Perhaps the most impressive character is Dr. Manhattan, a former scientist who is transformed into a literal super being through a freak accident. Now he can rearrange matter and perceive time in ways no human can; this unique perspective renders him completely apathetic to the fate of humanity, a fate he can change with but a snap of his fingers. Played through motion-capture by a reflective and tragic Billy Crudup, Dr. Manhattan is the most realistic and impressive CGI character since Andy Serkis' Gollum. His blue skin emits a light that shines upon his surroundings in a surprisingly realistic way, he moves with an earthly weight, and his face is relatable and does not fall into the uncanny valley (thanks, no doubt, to Mr. Crudup).
Rounding out this group of retired superheroes are Malin Akerman as Sally Jupiter, and Matthew Goode as Ozymandias, but neither is visibly old enough for their parts or equipped with enough talent, especially next to their much more impressive cast mates.

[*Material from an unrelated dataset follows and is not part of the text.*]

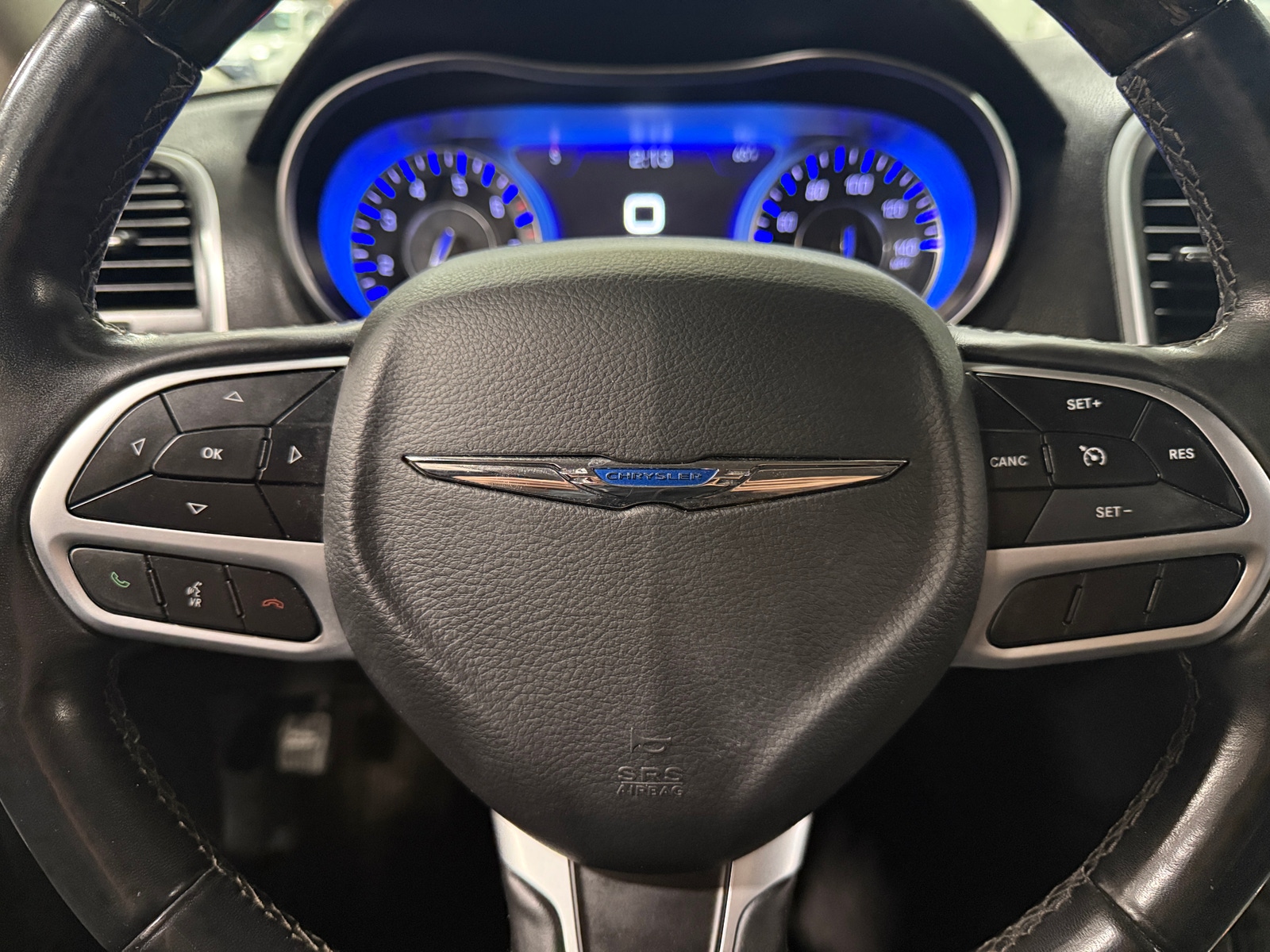 Thumbnail: 2019 Chrysler 300 - 4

Watchmen, the film, has been criticized for having an unwieldy story that is at once over stuffed with subplots and too sparse. These critics do not realize that the film is not here for the story; the reason it exists is to present a collection of moments. The first two thirds are a glorious exhibit of live action filmmaking stretched and bent to fit into new and wondrous places. From the title sequence, to Dr. Manhattan's heartbreakingly beautiful origin story, to The Comedian's final, fatal battle, Mr. Snyder shows us some kind of new, uniquely 21st-century vision of where cinema is going or ought to go.